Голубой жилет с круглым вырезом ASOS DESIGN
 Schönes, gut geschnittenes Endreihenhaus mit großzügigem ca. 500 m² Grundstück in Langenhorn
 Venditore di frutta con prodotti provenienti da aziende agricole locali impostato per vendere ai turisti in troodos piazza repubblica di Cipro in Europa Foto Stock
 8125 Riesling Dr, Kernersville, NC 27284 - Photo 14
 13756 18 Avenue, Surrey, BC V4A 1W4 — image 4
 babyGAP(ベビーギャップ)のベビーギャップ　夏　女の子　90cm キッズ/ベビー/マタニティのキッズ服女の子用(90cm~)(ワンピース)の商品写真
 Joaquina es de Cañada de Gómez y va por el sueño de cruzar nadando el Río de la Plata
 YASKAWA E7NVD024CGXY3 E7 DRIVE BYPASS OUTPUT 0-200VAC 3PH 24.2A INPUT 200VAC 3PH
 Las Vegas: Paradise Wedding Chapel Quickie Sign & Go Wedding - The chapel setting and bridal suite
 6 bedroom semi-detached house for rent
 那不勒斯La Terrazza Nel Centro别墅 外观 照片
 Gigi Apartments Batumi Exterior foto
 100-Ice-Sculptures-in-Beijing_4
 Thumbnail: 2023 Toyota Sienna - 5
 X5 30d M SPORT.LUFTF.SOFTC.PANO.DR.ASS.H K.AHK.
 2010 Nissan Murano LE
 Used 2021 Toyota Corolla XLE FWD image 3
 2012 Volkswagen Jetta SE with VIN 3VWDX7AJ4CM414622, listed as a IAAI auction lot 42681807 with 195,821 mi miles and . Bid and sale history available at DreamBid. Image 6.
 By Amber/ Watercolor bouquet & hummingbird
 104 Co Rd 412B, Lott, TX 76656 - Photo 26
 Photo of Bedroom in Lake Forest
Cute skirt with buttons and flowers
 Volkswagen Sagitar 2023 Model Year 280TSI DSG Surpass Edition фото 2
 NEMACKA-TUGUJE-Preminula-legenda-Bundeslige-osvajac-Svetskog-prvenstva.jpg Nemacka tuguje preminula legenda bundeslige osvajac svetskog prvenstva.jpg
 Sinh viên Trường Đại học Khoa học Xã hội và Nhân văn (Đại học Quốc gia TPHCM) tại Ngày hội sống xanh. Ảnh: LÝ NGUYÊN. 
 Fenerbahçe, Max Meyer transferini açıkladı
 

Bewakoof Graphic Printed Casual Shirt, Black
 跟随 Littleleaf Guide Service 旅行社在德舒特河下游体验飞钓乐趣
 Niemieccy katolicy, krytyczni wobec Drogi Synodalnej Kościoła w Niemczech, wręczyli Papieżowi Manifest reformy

# [Directions]
Repeat the material exactly. Begin with its first line and end with the line that has "Schönes, gut geschnittenes".

# [Answer below]
Голубой жилет с круглым вырезом ASOS DESIGN
 Schönes, gut geschnittenes Endreihenhaus mit großzügigem ca. 500 m² Grundstück in Langenhorn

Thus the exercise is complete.